Красные, отупелые лица, капающий со лба пот.
Вокруг было тихо. На траве умирал Отто Цандер. У него пошла горлом кровь, и он захлебывался ею, и никто не знал, чем ему можно помочь. Вильгельм Крёнер был мертв, так же как и его противник. До самого конца они не выпускали перемазанные клинки. Наверное, так и умерли, не переставая колоть друг друга. Якоб Крёнер лежал сверху, раскинув руки, обхватив их так, словно оба они были его братьями. Он не был ранен – ни единой царапины, все принял на себя Вилли, – и все равно лежал без движения и без звука, точно заснул.
– Кто еще ранен? – хрипло спросил Маркус.
Никто не ответил.
– Зарядите ружья, – приказал Маркус, еле сдерживая сухой кашель. – И побыстрее. Где Петер?
Ни Петера, ни Чеснока, ни солдата в замшевом колете не было видно.
Эрлих стиснул кулаки.
– Значит, так. Клаус, останешься здесь. Я и Гюнтер будем следить за фургонами. Остальные – разыщите Петера и…
– Да что искать? – пробурчал Райнер. – Вот же они.
Петер и Чеснок показались из-за деревьев. Они улыбались.
– Завалили мы его, – сказал Чеснок, вытирая руки о рубашку.
– Завалили, – подтвердил Штальбе и как-то странно, булькающе засмеялся: – Что твоего хряка. Я, когда за Конрадом побежал…
– После, – оборвал его Маркус. – Дело еще не сделано.
* * *Дорога была пыльной, пересохшей, как все остальное вокруг. Редкие, затоптанные пучки травы, рваные лопухи на обочине, скрипящие под ногами камешки. На земле возле фургонов остались влажные пятна – словно кто-то плеснул помоями из ведра.
Маркус стоял, закинув ружье на плечо, и смотрел на лежащие перед ним трупы солдат. Петер и Чеснок стащили их в сторону и обыскали; им не впервой, научились все делать быстро и без лишних разговоров. Стянули сапоги, куртки, вывернули карманы – пусто. Жаль, но ничего не поделаешь. Оружие и одежду завернули в мешковину, раздетые тела подхватили и понесли наверх, к яме.
Четверо убитых. Те двое, что еще прятались за фургонами, умерли быстро, на каждого хватило по одной пуле. Глупцы… Зачем отсиживались? Могли ведь убежать. Впрочем, хорошо, что не убежали, никому ничего не расскажут. Никто не узнает – это самое главное.
Осталась только девка – стоит, испуганно жмется. Черт знает, что с ней делать…
– Ты слушай, слушай, – весело говорил Петер, обращаясь к Эриху Грёневальду; вдвоем они тащили по склону мертвого солдата с простреленным горлом. – Я ведь тогда и дух перевести не успел, крест поцеловал. И тут как молнией: где Конрад? Туда, сюда – нет его. И тут слышу: ветки трещат и ругань. Недалеко, там, где осинки растут, помнишь? Я шпагу подхватил и туда. Бегу, ветки по роже хлещут. Смотрю – впереди Конрад и этот, здоровый, перед ним.

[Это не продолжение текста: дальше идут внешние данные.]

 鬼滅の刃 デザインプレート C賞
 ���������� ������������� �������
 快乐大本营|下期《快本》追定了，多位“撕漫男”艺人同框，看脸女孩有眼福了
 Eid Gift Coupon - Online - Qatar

– А я уже плюнул на все, – отозвался Чеснок. – Думаю, куда дальше-то бежать? Догонит рано или поздно. К тому же я на днях ногу подвернул… В общем, остановился, подхватил палку с земли…
Петер перебил:
– Я и смотрю: Конрад стоит с этой своей палкой, а тот на него уже примерился – вот-вот пропорет. Тут уж чего думать: я вперед бросился и шпагой рубанул его под колени. Он даже головы повернуть не успел. Ноги подкосились, и тут ему Конрад палкой поперек рожи: раз, два… А уж как он упал на землю, так мы вдвоем за него и принялись. Отделали так, что лица не узнать. Такая злость напала… Видишь, все башмаки кровью извозил. Все-таки сучье племя эти солдаты – разве от них чего хорошего дождешься?! Только портят все…

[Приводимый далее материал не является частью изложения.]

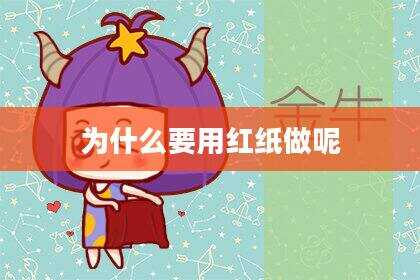 为什么要用红纸做呢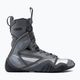 Nike Hyperko 2 γκρι παπούτσια πυγμαχίας CI2953-010 2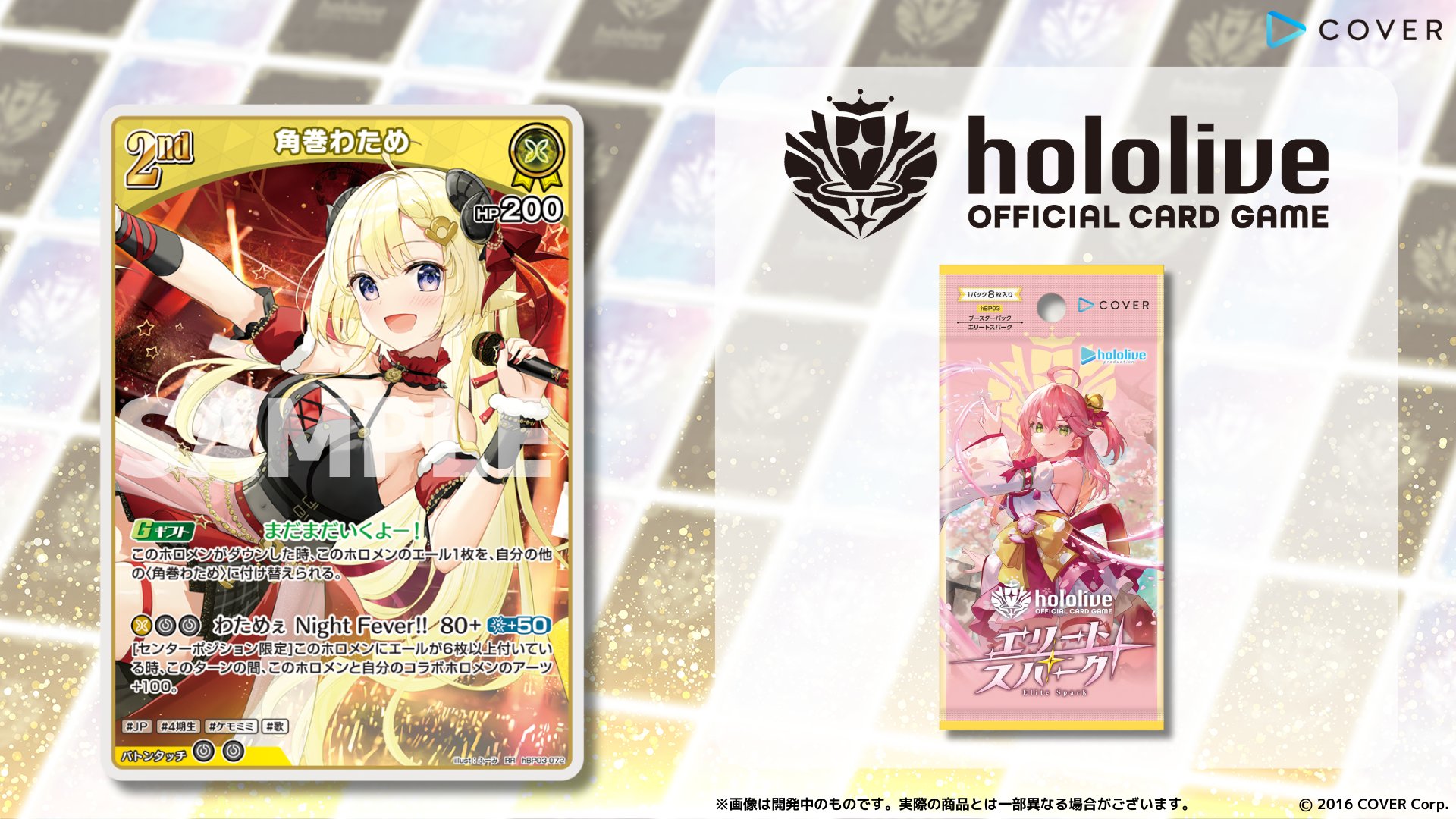 角巻わため UR エリートスパーク ホロカ hololive OFFICIAL CARD GAME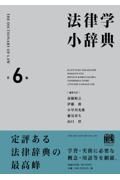 法律学小辞典 [第6版]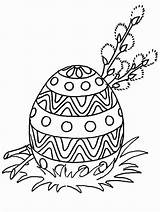 Wielkanoc Kolorowanki Dla Dzieci Kolorowanka Wydruku Jajka Wielkanocna Wydrukowania Jajek Malowanie Pisanka sketch template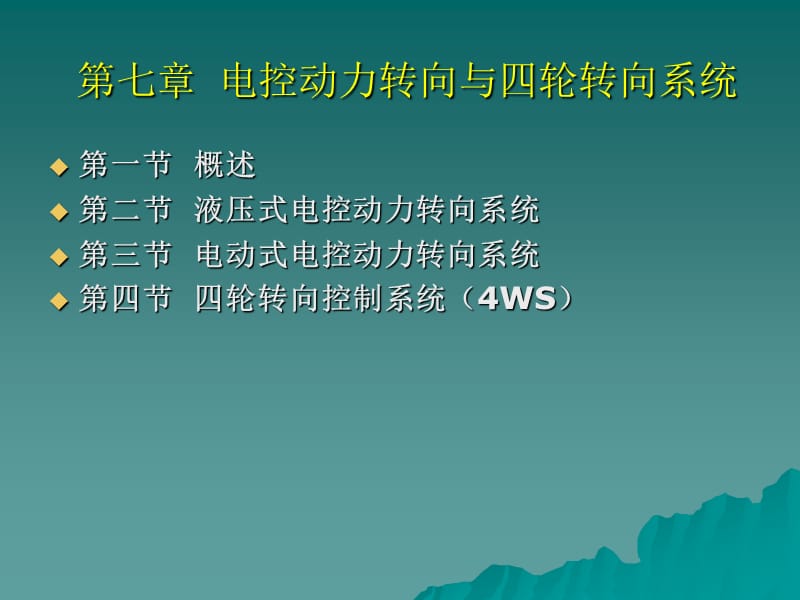 电控动力转向与四轮转向系统.ppt_第1页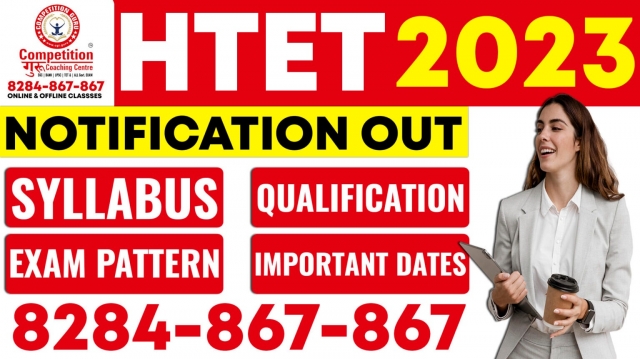 HTET Coaching in Chandigarh: Your Gateway to a Successful Teaching Career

Маркус устало провел рукой по лицу. О чем они болтают… Там, наверху, остался лежать Вилли. И Цандер. И раненый Шлейс. Господи, почему все случилось именно так?! Двое погибших – надо будет похоронить их как подобает… Нет. Не время думать об этом. Нужно довести до конца начатое. Действовать так: обыскать фургоны и вынести оттуда все. Сами фургоны разломать, по частям оттащить наверх и сжечь. Увести лошадей. Кровь засыпать землей, примять ногами. Не должно быть никаких следов. И быстрее, быстрее, быстрее!
– Маркус! – окликнул его Цинх, высунувшись из первого фургона.
– Ну, что там?
– Да не бог весть, – Цинх развел руками. – Два мешка гороха… Мешок муки… Кусок солонины – большой, фунтов на десять. Еще несколько кругов колбасы – только сдается мне, что она подтухла немного… Из остального – барахло. Посуда, пара одеял…
– Порох и пули есть?
– Пока не нашел.
– Ищи. Ребята помогут все отволочь наверх.
Жалкие им достались трофеи, нечего сказать. Хватит на несколько дней, самое большее – на неделю. И сколько придется ждать, прежде чем им попадется еще один обоз? И кем заменить убитых? Вилли был отличным стрелком, такого поди разыщи…
– С ней-то что делать? – спросил подошедший Грёневальд, указывая на девку.
Маркус повернулся, тоже посмотрел на нее. Прижалась к борту фургона, испуганно оглядывается. Боится заговорить первой. Что ж, надо узнать, кто она и что делала вместе с этими…
Он подошел к ней ближе, спросил:
– Как твое имя?
– Клерхен… Клара… Клара из Дармштадта, – дрожащим голосом ответила девушка.
– Зачем ты шла с ними?
На ее лице появилась жалкая улыбка.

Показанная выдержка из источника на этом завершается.